1

Consider A and B are two tall skinny matrices of dimension 10^8 X 5. i.e.;

r=10^8
c=5
A=matrix(runif(r*c,0,1),r,c)
B=matrix(runif(r*c,0,1),r,c)

I want to compute dot product of each row of A with the corresponding row of B, i.e.;

rowSums(A * B)

But it is quite slow and I would like would like to know if there is any faster way.

SayanC
  • 13
  • 3

1 Answers1

2

This might disappoint you but at R level, this is already the best you can get without writing some C code yourself. The problem is that by doing rowSums(A * B), you are effectively doing

C <- A * B
rowSums(C)

The first line performs a full scan of three large tall-thin matrices; while the second line performs a full scan of 1 large tall-thin matrix. So altogether, we equivalently scan a tall-thin matrix 4 times (memory intensive).

In fact, for such operation, the optimal algorithm only needs scanning a n * p tall-thin matrix twice, by doing rowwise cross product:

rowsum <- numeric(n)
for j = 1, 2, ... p
  rowsum += A[,i] * B[,i]

In this way, we also avoid generating matrix C. Note, the above is just a fake code rather than valid R code or even C code. But the idea is clear, and we want to program this in C.


An analogy to your situation is the speed difference between sum(x * y) and crossprod(x, y), assuming x and y be large vectors of the same length.

x <- runif(1e+7)
y <- runif(1e+7)

system.time(sum(x * y))
#   user  system elapsed 
#  0.124   0.032   0.158 

system.time(crossprod(x, y))
#   user  system elapsed 
#  0.036   0.000   0.056 

In the first case, we scan a long vector 4 times, while in the second case, we only scan it twice.

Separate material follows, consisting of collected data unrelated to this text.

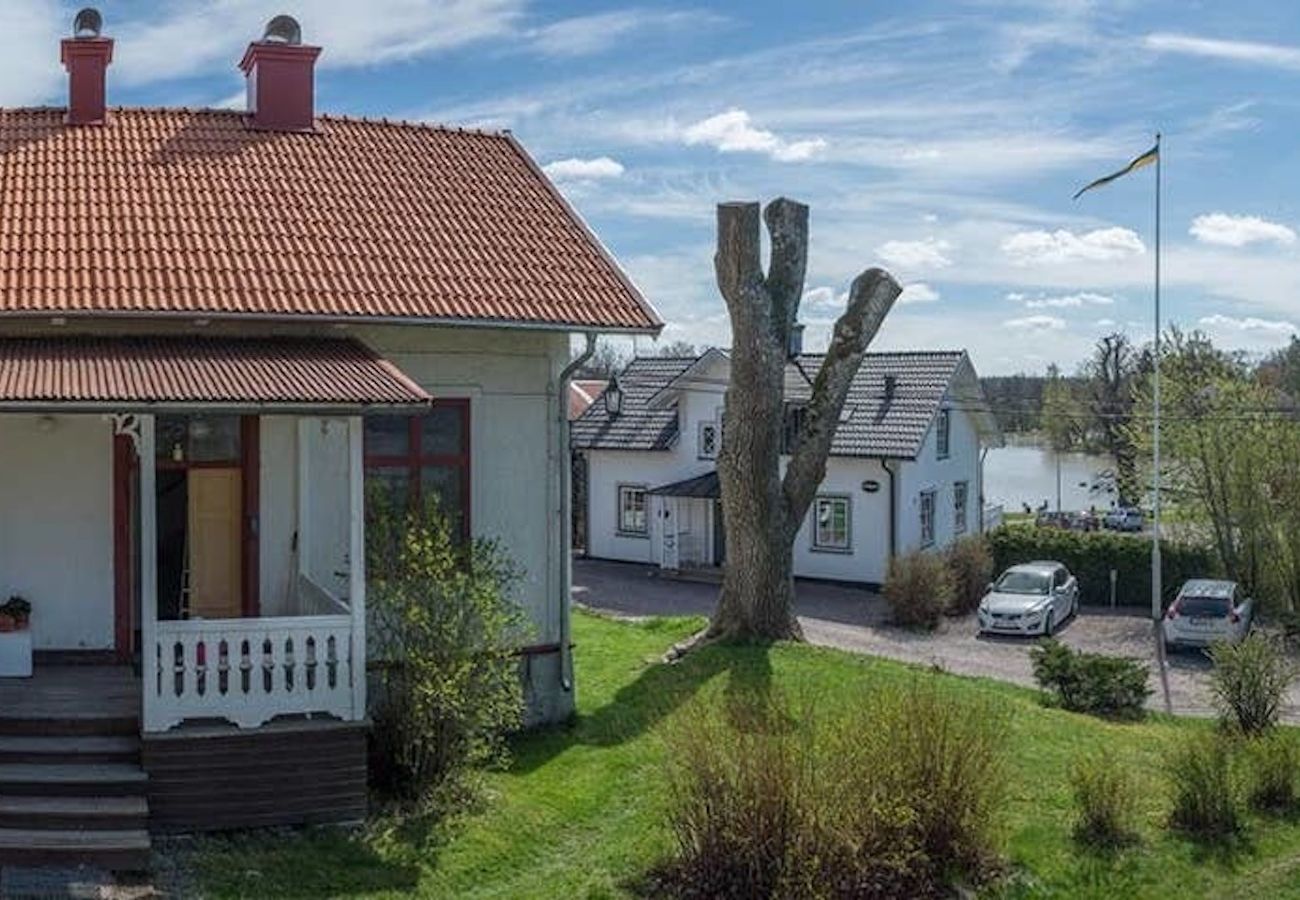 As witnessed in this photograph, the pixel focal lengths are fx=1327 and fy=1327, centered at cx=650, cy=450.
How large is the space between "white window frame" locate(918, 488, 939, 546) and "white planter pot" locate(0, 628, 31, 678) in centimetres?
2411

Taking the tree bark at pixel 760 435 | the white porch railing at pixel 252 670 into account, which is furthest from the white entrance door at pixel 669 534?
the white porch railing at pixel 252 670

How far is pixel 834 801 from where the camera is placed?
8.78 meters

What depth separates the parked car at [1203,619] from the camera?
2531 centimetres

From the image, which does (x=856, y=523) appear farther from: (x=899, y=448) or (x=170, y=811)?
(x=170, y=811)

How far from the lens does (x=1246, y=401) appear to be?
103ft

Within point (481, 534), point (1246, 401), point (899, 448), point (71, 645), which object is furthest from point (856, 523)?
point (71, 645)

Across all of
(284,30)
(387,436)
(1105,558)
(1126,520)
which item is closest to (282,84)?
(284,30)

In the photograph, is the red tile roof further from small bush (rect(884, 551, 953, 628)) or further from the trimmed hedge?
the trimmed hedge

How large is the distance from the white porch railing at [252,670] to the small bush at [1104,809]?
5922mm

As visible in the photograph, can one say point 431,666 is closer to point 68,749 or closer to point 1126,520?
point 68,749

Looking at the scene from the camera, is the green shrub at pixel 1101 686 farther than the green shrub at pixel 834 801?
Yes

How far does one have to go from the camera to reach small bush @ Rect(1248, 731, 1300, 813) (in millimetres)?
12008

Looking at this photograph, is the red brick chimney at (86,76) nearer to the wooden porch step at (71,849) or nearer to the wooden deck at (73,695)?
the wooden deck at (73,695)

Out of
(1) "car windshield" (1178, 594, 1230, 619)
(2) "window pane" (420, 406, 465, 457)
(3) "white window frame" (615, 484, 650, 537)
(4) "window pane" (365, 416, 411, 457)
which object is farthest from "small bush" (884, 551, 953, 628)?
(4) "window pane" (365, 416, 411, 457) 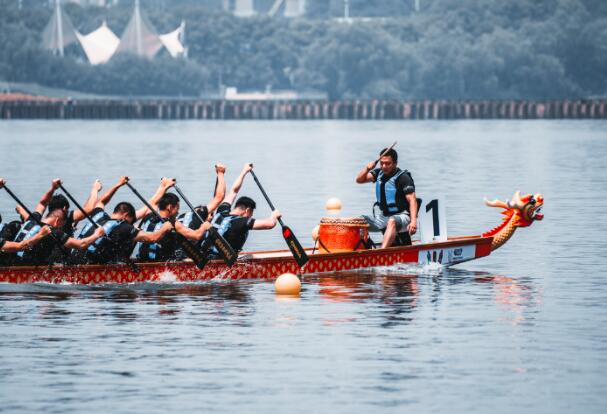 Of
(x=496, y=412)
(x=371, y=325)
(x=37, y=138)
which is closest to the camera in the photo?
(x=496, y=412)

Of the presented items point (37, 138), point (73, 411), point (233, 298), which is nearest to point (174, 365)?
point (73, 411)

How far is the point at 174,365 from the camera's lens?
2131cm

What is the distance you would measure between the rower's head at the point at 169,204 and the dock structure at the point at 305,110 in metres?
146

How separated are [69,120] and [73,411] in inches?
6679

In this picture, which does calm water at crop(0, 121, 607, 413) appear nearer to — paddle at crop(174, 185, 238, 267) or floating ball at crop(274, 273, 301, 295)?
floating ball at crop(274, 273, 301, 295)

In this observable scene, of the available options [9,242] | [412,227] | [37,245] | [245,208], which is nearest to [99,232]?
[37,245]

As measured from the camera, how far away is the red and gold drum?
29609 millimetres

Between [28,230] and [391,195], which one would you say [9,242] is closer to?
[28,230]

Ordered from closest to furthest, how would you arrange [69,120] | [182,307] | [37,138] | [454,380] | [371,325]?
[454,380]
[371,325]
[182,307]
[37,138]
[69,120]

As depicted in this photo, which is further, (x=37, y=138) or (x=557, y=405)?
(x=37, y=138)

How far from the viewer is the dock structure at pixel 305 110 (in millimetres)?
173500

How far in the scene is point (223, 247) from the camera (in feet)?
90.5

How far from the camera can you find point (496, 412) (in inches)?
731

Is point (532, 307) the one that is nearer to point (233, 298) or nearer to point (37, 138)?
point (233, 298) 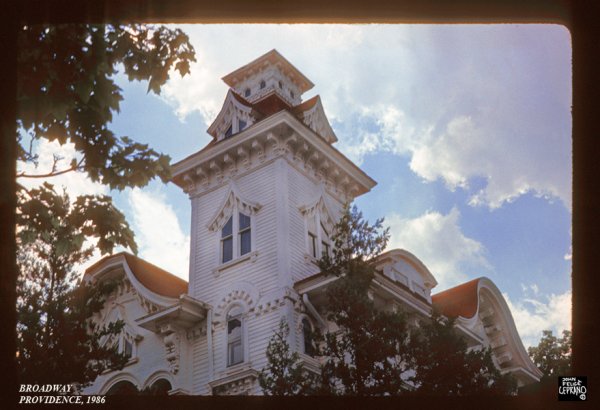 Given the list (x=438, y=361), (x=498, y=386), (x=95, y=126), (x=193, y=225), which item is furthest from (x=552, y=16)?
(x=193, y=225)

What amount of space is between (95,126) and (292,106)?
9249mm

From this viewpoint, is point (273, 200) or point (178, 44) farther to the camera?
point (273, 200)

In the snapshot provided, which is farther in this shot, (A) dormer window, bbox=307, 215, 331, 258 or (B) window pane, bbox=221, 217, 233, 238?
(B) window pane, bbox=221, 217, 233, 238

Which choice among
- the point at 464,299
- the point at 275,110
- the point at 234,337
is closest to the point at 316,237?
the point at 234,337

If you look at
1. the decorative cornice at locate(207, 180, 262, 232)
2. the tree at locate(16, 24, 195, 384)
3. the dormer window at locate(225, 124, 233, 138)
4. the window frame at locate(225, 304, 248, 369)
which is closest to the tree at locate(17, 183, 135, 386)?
the tree at locate(16, 24, 195, 384)

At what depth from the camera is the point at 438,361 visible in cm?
968

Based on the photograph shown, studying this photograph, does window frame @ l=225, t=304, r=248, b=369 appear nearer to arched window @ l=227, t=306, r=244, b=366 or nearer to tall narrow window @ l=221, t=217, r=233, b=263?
arched window @ l=227, t=306, r=244, b=366

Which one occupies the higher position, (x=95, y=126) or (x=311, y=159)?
(x=311, y=159)

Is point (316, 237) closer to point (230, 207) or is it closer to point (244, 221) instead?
point (244, 221)

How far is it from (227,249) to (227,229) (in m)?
0.43

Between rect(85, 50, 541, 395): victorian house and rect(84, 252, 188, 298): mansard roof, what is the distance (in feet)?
0.10

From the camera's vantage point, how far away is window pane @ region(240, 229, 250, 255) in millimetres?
13500

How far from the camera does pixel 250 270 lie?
1312cm

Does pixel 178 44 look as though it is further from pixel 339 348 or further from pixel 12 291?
pixel 339 348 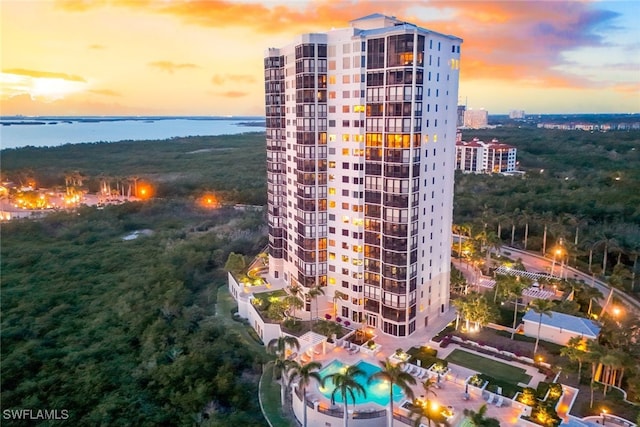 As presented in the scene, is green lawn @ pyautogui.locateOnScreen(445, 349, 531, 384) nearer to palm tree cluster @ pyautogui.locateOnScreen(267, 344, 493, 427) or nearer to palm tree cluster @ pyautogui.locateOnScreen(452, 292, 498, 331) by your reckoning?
palm tree cluster @ pyautogui.locateOnScreen(452, 292, 498, 331)

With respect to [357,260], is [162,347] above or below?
below

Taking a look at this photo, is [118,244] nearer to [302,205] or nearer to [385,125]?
[302,205]

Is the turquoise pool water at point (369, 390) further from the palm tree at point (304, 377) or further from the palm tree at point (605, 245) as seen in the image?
the palm tree at point (605, 245)

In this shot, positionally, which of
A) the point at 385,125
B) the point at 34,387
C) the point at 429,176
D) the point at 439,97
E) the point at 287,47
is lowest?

Relevance in statistical computing

rowSums(A * B) is in fact an efficient evaluation of diag(tcrossprod(A, B)), commonly seen in regression computing associated with point-wise prediction variance. For example, in ordinary linear squares regression with thin Q matrix from QR factorization of model matrix, the point-wise variance of fitted values are diag(tcrossprod(Q)), which is more efficiently computed by rowSums(Q ^ 2). But yet, this is still not the fastest evaluation, for reasons already explained.

Zheyuan Li
  • 71,365
  • 17
  • 180
  • 248